Could you please help? Is there any other way to calculate the intercept value for the exponential trendline? When doing this function EXP(10698.8236831922), I am getting infinity as you said the largest value is about EXP(709.782712893384).
I couldn't draw trendline for the exponential type due to getting infinity for intercept field. Please let me know, is there any other way to calculate intercept value.
Thanks in advance.
JoeUser2004 Thanks for the reply.
I used the suggested =AVERAGE(LN(B1:B5)) - m*AVERAGE(A1:A5) for calculating b. When using EXP(b) again I got #Num! error. When evaluating the EXP(b) value, the resultant value will be like
How do I get rid of this? Is there any other feasible way "2E+308" or "1.79769313486232E+308" to get this value for b.
Thanks in advance.
(Resubmitted to improve example, with critical correction.)

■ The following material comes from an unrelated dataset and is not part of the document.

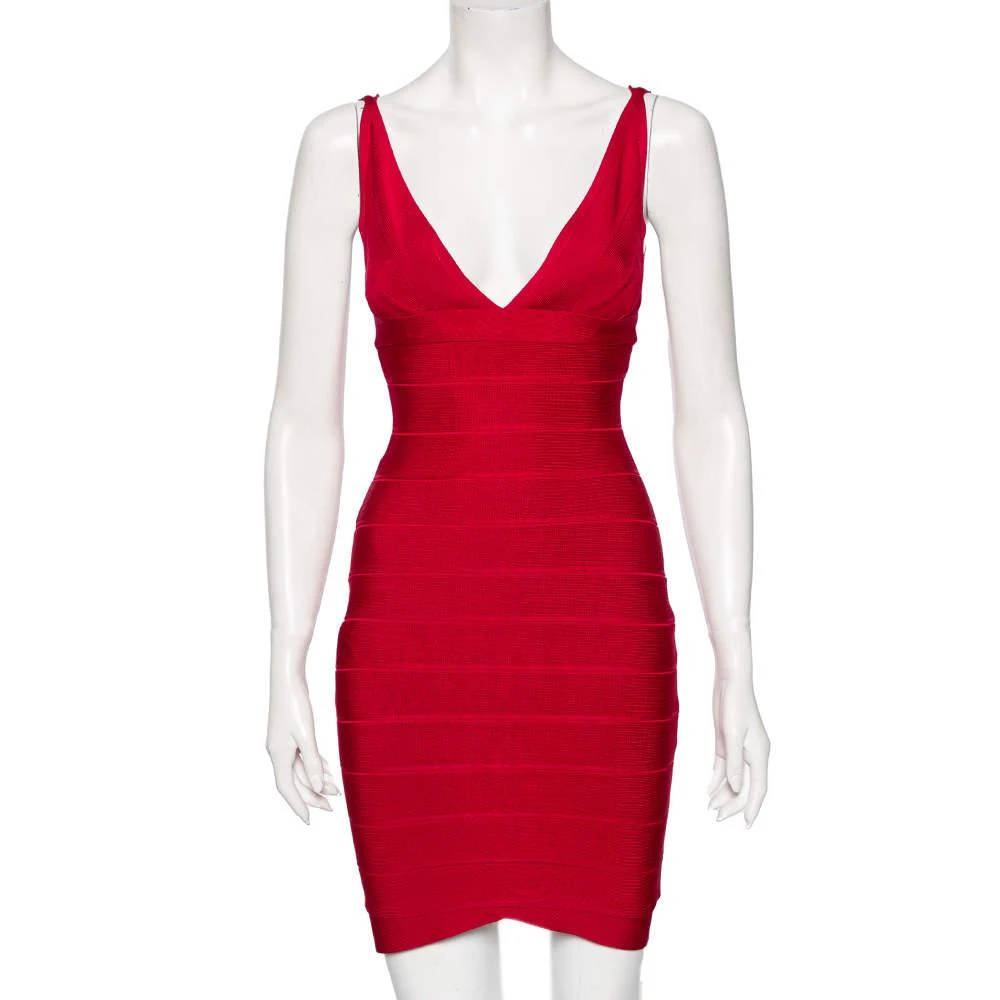 商品[二手商品] Herve Leger|Herve Leger Pink Bandage Plunge Neck Bodycon Dress XS,价格¥1012,第1张图片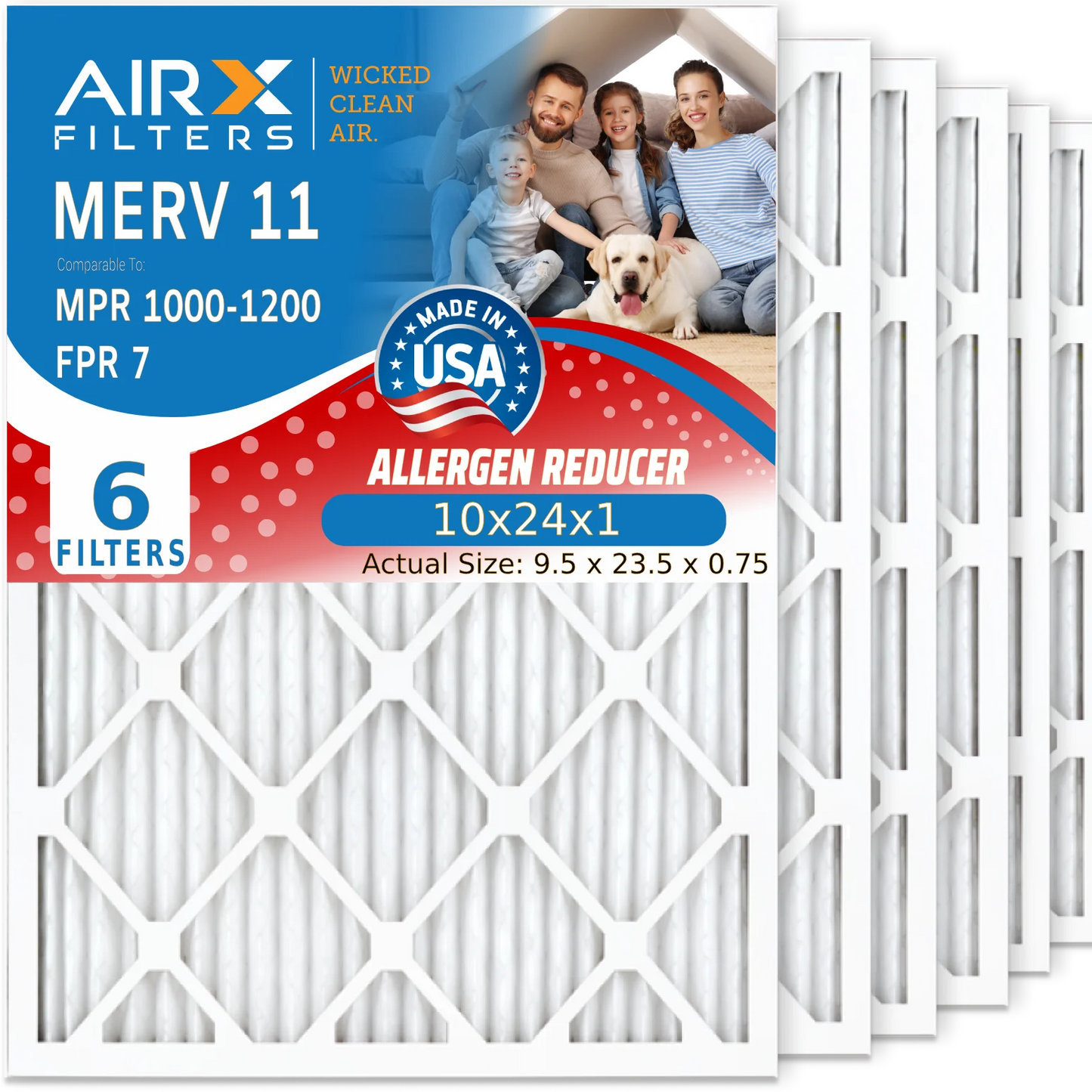 10x24x1 Air Filter MERV 11 Comparable to MPR 1000, MPR 1200 & FPR 7 Electrostatic Pleated Air Conditioner Filter 6 Pack HVAC Premium USizeA Made 10x24x1 Furnace Filters by AIRX FILTERSize WICKED CLEAN AIR.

gayathrimanick wrote: ``I used the suggested =AVERAGE(LN(B1:B5)) - m*AVERAGE(A1:A5) for calculating b. ``
To be clear, that was suggested and necessary only ``to convert this equation to equivalent c# code``, as you requested.
In Excel, I would continue to use INDEX(LINEST(LN(B1:B5),A1:A5),1,2) to calculate "log b" for the linear formula ln(y) = m*x + ln(b).
And I would use EXP(INDEX(LINEST(LN(B1:B5),A1:A5),1,2)) to calculate "b" for the exponential formula y = b*EXP(m*x).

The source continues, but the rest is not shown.